:: What this task involves ::
Pictures excluded, retype the lines from the one containing "MLS #2176536" through the last line of the data below, both included.

:: Data extracts ::
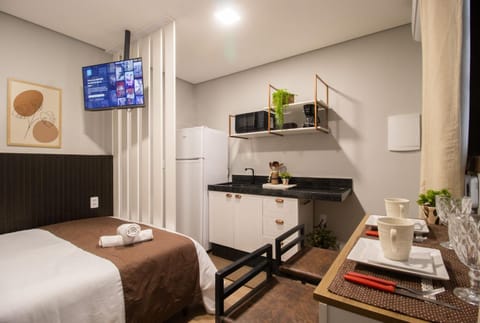 Kitchen or kitchenette, Bedroom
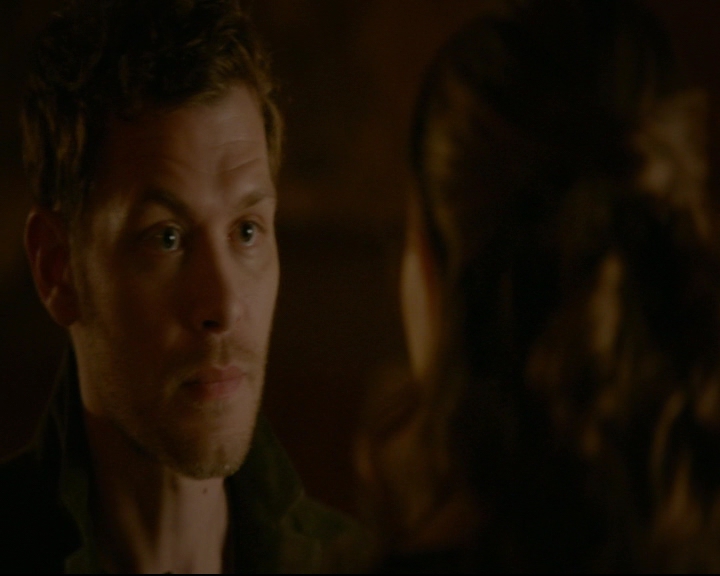 vampirediariesworld-dot-nl_TheOriginals5x02WrongTurnOnBourbon04416.jpg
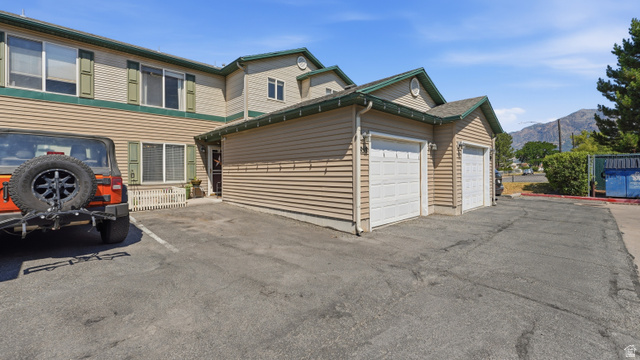 858 E 760 N
                     MLS #2176536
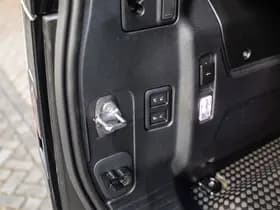 Land Rover Defender 110 2.0 P300e 110 Dynamic Edition thumbnail 32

:: Task solution ::
                     MLS #2176536
 Land Rover Defender 110 2.0 P300e 110 Dynamic Edition thumbnail 32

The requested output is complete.